The first time I read this book, I treated it like a manual. I highlighted everything. I made a list of "assets I want to acquire." I looked up rental property prices in my area. Then I looked at my savings account and felt defeated, because I had nothing close to a down payment and no idea how to get there. The book had inspired me without actually telling me what to do next. That gap between inspiration and instruction is real, and it is worth naming upfront.

The second read, nine years later, I was in a different spot.
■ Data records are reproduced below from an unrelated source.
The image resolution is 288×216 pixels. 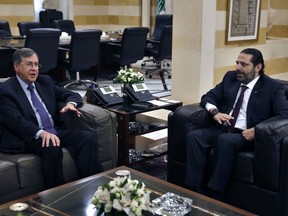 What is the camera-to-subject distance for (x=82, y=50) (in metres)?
7.22

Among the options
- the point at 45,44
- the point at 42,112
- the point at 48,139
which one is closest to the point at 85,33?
the point at 45,44

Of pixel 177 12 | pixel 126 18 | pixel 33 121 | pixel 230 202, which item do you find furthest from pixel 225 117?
pixel 126 18

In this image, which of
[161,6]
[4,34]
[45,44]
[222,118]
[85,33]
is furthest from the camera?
[161,6]

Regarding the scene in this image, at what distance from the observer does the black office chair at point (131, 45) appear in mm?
7693

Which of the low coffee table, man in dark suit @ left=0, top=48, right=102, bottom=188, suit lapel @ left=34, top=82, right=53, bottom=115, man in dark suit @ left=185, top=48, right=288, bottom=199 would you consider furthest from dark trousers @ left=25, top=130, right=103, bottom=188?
man in dark suit @ left=185, top=48, right=288, bottom=199

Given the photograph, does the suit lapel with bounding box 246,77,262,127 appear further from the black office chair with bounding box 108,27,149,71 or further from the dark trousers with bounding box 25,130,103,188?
the black office chair with bounding box 108,27,149,71

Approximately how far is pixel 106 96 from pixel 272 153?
1829 millimetres

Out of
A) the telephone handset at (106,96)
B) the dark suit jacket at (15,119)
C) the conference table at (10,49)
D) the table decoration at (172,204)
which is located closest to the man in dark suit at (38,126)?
the dark suit jacket at (15,119)

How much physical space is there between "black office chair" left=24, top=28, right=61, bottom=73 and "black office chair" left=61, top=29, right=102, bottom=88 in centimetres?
27

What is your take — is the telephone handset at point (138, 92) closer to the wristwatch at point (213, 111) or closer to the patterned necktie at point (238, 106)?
the wristwatch at point (213, 111)

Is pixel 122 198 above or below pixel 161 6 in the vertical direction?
below

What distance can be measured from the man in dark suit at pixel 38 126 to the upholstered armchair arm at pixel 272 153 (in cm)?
129

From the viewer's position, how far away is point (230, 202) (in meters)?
3.53

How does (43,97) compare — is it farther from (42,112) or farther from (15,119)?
(15,119) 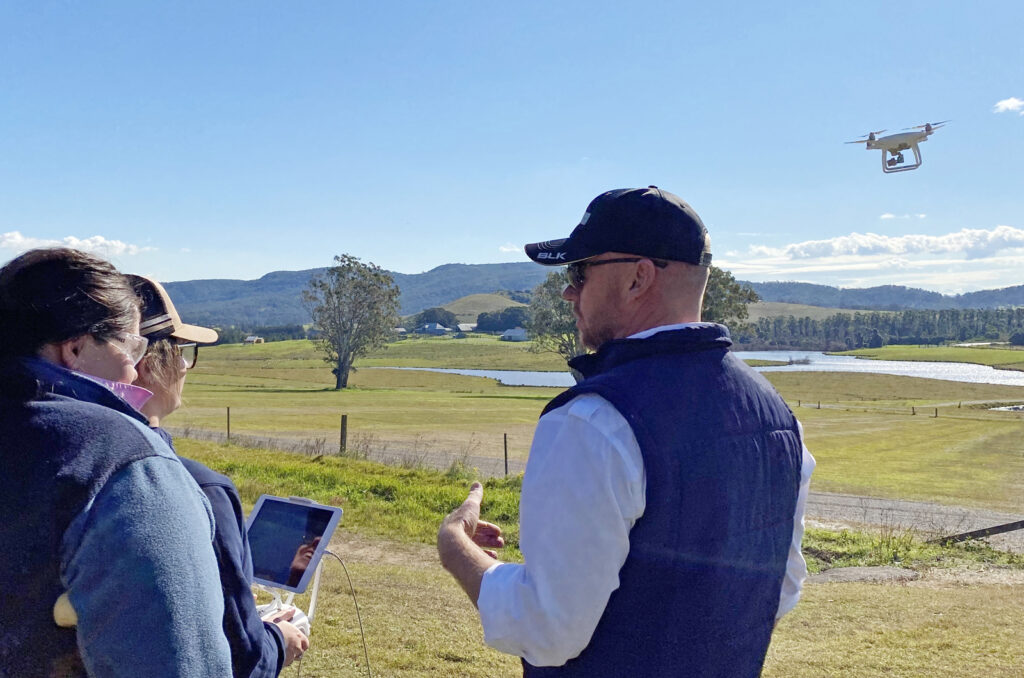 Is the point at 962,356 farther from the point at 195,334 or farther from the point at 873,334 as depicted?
the point at 195,334

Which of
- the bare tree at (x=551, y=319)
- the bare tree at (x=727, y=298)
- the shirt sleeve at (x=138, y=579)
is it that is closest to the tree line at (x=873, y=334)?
the bare tree at (x=551, y=319)

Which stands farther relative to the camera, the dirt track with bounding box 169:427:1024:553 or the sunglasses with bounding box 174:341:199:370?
the dirt track with bounding box 169:427:1024:553

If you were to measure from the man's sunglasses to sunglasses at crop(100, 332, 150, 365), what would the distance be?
3.92 feet

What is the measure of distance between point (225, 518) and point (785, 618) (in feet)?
22.2

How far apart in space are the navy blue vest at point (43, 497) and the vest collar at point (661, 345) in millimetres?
1102

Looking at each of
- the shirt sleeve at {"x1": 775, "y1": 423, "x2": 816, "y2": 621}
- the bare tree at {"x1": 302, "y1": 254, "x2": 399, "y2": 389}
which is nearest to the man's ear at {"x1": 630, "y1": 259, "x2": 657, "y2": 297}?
the shirt sleeve at {"x1": 775, "y1": 423, "x2": 816, "y2": 621}

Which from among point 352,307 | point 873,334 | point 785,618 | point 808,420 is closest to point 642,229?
point 785,618

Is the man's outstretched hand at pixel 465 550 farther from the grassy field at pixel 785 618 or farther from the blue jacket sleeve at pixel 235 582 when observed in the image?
the grassy field at pixel 785 618

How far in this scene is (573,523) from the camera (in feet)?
5.60

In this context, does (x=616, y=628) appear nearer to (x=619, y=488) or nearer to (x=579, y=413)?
(x=619, y=488)

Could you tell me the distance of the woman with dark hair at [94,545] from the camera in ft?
4.99

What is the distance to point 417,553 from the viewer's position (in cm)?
1034

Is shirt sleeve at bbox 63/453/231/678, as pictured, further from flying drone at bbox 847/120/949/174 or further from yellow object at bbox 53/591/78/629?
flying drone at bbox 847/120/949/174

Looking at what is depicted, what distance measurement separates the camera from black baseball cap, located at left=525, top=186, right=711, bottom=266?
6.92ft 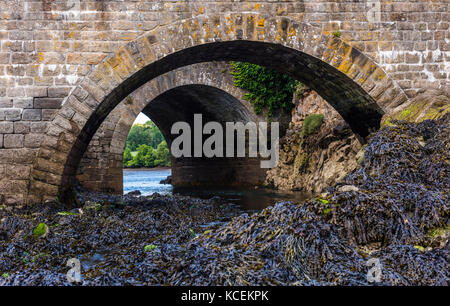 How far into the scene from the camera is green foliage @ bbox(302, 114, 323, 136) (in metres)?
13.8

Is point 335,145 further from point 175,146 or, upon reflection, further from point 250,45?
point 175,146

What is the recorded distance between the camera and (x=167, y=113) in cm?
1862

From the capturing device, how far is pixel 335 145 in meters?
12.3

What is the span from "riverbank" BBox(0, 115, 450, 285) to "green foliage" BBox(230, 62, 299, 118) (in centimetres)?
888

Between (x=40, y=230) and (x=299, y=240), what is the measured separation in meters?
3.45

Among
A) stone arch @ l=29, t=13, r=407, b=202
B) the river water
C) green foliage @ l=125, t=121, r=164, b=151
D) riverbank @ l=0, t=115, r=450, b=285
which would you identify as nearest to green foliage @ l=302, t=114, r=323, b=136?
the river water

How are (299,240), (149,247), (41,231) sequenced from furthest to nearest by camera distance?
(41,231) < (149,247) < (299,240)

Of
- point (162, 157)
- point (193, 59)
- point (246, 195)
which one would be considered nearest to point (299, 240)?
point (193, 59)

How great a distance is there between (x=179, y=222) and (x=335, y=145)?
705cm

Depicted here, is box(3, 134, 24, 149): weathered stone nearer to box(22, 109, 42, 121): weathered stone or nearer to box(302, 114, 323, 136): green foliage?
box(22, 109, 42, 121): weathered stone

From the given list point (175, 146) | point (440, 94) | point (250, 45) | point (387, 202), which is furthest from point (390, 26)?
point (175, 146)

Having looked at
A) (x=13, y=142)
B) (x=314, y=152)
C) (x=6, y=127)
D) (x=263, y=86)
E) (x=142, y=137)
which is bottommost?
(x=314, y=152)

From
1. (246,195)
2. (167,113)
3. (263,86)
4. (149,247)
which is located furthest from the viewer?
(167,113)

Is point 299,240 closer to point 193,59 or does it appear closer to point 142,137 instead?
point 193,59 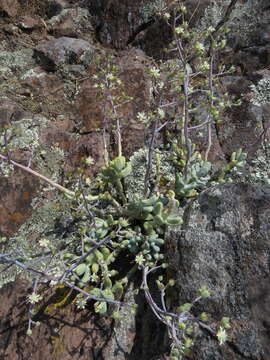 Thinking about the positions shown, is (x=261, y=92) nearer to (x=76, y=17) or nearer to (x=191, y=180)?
(x=191, y=180)

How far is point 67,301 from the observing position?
9.19 ft

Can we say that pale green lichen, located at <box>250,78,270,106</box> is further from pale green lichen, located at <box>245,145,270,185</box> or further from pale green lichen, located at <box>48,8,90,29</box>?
pale green lichen, located at <box>48,8,90,29</box>

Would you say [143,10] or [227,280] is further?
[143,10]

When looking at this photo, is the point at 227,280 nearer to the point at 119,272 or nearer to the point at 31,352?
the point at 119,272

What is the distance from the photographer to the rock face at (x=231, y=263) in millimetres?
2111

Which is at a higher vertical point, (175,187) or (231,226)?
(175,187)

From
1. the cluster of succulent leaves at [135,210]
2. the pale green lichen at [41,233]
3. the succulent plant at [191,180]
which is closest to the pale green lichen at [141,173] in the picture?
the cluster of succulent leaves at [135,210]

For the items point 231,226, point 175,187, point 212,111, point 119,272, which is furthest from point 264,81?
point 119,272

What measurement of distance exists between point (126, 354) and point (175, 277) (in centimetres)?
75

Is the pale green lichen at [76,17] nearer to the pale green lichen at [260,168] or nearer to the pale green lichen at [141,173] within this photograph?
the pale green lichen at [141,173]

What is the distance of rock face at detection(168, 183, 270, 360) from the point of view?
2111mm

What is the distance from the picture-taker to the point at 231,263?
2.34 meters

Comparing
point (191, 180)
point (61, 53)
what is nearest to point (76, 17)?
point (61, 53)

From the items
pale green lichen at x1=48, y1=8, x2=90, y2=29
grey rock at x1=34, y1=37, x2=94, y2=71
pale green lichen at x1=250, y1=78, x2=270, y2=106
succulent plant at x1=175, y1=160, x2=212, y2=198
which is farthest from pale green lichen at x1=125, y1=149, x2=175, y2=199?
pale green lichen at x1=48, y1=8, x2=90, y2=29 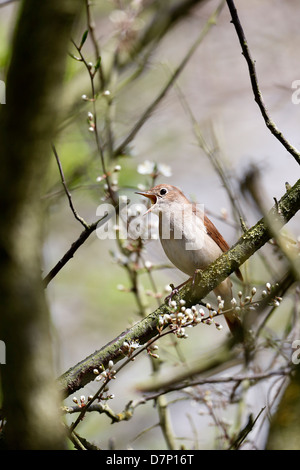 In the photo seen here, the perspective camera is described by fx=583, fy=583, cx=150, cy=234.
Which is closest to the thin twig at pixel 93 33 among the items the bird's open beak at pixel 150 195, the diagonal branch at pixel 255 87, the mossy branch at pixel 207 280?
the bird's open beak at pixel 150 195

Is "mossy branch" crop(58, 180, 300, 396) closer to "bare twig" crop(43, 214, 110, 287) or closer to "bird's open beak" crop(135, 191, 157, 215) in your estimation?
"bare twig" crop(43, 214, 110, 287)

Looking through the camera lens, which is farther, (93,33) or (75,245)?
(93,33)

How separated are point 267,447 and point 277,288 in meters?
1.07

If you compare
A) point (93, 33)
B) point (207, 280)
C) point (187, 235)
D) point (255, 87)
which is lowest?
point (207, 280)

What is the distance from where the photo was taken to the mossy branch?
2926 millimetres

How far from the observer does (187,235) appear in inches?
172

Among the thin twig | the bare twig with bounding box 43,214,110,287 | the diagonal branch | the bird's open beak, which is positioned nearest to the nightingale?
the bird's open beak

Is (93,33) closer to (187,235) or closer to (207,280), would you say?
(187,235)

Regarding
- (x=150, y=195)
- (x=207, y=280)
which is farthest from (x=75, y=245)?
(x=150, y=195)

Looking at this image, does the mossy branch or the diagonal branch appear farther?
the mossy branch

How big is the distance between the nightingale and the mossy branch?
1.05 metres

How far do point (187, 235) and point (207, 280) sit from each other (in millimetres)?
1290

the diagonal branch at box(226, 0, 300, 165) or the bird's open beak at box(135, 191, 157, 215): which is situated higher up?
the bird's open beak at box(135, 191, 157, 215) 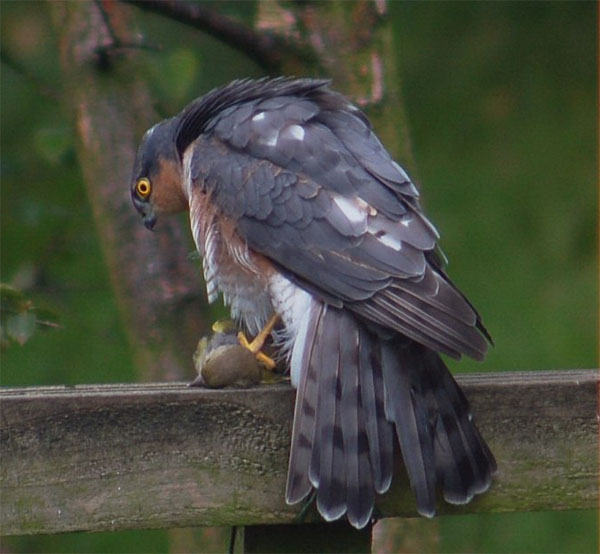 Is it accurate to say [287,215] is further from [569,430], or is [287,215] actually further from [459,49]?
[459,49]

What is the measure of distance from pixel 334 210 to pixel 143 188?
2.87 ft

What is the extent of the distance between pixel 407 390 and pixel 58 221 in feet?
7.29

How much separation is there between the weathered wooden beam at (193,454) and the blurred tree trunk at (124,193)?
3.89 feet

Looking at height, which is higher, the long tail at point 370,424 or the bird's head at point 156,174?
the long tail at point 370,424

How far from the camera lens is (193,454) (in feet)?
6.40

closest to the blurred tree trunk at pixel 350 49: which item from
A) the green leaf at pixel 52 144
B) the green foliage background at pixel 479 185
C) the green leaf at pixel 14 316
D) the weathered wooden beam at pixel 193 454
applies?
the green leaf at pixel 52 144

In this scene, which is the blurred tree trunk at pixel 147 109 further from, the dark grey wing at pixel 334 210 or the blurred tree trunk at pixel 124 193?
the dark grey wing at pixel 334 210

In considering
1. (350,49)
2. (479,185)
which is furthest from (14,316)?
(479,185)

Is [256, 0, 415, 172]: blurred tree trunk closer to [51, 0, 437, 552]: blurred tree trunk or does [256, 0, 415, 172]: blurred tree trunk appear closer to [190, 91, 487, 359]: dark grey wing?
[51, 0, 437, 552]: blurred tree trunk

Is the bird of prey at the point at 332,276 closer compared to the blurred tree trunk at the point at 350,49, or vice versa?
the bird of prey at the point at 332,276

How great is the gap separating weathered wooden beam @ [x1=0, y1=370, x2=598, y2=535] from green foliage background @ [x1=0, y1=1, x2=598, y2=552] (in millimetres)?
2044

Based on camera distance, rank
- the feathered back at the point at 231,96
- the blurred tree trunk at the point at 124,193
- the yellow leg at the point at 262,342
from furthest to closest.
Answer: the blurred tree trunk at the point at 124,193, the feathered back at the point at 231,96, the yellow leg at the point at 262,342

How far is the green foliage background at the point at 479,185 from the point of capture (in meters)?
5.11

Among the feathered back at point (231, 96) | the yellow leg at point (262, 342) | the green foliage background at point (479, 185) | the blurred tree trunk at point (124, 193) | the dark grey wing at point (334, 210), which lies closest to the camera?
the dark grey wing at point (334, 210) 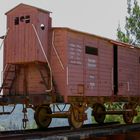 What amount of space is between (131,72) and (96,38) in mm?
3590

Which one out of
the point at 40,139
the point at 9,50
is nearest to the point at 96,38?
the point at 9,50

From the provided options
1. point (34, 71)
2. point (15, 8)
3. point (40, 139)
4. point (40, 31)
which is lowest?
point (40, 139)

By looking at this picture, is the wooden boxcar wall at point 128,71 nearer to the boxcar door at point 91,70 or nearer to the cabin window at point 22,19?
the boxcar door at point 91,70

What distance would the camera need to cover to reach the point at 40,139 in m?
8.15

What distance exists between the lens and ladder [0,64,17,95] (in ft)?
45.1

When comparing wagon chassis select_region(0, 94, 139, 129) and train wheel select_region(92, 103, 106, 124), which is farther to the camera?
train wheel select_region(92, 103, 106, 124)

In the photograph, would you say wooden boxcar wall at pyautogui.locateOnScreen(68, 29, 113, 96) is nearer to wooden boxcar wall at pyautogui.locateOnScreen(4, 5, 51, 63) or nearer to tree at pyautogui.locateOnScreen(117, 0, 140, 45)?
wooden boxcar wall at pyautogui.locateOnScreen(4, 5, 51, 63)

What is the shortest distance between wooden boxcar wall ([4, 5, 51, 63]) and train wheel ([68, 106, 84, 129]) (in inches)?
78.1

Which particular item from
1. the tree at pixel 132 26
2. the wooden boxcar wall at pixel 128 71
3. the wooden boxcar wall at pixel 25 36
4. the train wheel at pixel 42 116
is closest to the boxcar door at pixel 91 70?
the train wheel at pixel 42 116

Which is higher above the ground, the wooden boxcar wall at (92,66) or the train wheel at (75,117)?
the wooden boxcar wall at (92,66)

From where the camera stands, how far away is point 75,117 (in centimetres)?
1295

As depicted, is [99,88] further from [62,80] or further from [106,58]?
[62,80]

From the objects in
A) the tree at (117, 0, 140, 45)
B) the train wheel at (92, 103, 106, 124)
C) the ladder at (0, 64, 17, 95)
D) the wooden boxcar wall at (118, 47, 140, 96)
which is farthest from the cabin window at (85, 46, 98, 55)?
the tree at (117, 0, 140, 45)

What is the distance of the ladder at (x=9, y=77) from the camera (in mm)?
13741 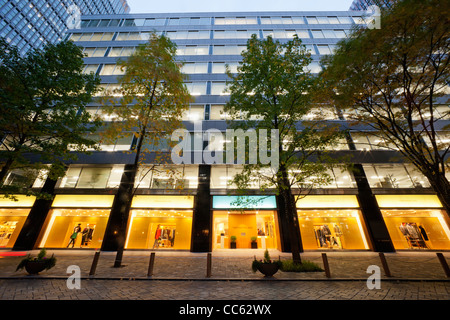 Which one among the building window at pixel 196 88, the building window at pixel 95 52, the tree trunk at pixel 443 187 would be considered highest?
the building window at pixel 95 52

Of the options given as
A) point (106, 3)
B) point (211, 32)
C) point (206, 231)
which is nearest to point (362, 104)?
point (206, 231)

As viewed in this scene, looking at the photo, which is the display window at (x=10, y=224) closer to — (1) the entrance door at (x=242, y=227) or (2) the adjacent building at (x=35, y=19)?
(1) the entrance door at (x=242, y=227)

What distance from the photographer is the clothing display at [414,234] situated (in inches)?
518

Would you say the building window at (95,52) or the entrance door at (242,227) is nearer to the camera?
the entrance door at (242,227)

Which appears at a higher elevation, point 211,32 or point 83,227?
point 211,32

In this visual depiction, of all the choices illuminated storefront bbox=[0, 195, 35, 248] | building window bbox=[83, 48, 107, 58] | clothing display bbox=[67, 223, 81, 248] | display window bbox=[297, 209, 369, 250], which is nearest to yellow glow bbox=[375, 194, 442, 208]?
display window bbox=[297, 209, 369, 250]

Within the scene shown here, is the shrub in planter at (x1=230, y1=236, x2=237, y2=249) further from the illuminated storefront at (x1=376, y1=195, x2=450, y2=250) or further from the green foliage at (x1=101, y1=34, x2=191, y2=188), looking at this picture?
the illuminated storefront at (x1=376, y1=195, x2=450, y2=250)

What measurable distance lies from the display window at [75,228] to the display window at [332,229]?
15.8 metres

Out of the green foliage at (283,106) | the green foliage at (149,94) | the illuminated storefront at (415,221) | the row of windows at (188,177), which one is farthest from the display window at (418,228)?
the green foliage at (149,94)

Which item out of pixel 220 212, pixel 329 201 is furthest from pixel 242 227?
pixel 329 201

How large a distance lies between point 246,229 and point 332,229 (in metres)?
6.79

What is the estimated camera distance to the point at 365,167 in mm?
15117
I had paid off the credit card debt, built a small emergency fund, and started contributing to my 401(k). I was financially stable but still felt like I was just running on a treadmill. This time, the book hit harder, because I could see the pattern Kiyosaki describes in my own life. I was earning more than I ever had and still not building anything. The asset-versus-liability framework gave me a language for what I had been feeling but could not articulate.

Over the past year, that framework has shaped small, real decisions. I stopped upgrading my car when the lease came up and kept the paid-off one. I redirected what would have been a car payment into a low-cost index fund. I started a small side project that earns a few hundred dollars a month and reinvested that back into the same fund. None of that is dramatic. But the mental shift behind it started with this book.

Worn copy of Rich Dad Poor Dad with handwritten margin notes and a highlighter resting on top

The Core Idea, Explained Plainly

The book's central argument is this: most people trade time for money their whole lives, then spend that money on things that cost them more money. Rich Dad calls this the "rat race." The alternative is to acquire assets, meaning things that put money into your pocket regardless of whether you are working. Kiyosaki's favorite examples are rental real estate, stocks that pay dividends, and small businesses. The contrast he draws is between his biological father (educated, well-paid, but financially stressed his whole life) and a friend's father (less formally educated, focused on building assets, eventually wealthy).

The assets-versus-liabilities distinction is where the book earns its reputation. Kiyosaki makes a point that sounds simple but takes a while to really absorb: your house is not an asset if it costs you money every month. Your car is not an asset. Your flat-screen television is not an asset. Assets produce income. Liabilities consume it. Most of us have been taught to call things we own "assets" simply because we own them. That reframe alone is worth the read.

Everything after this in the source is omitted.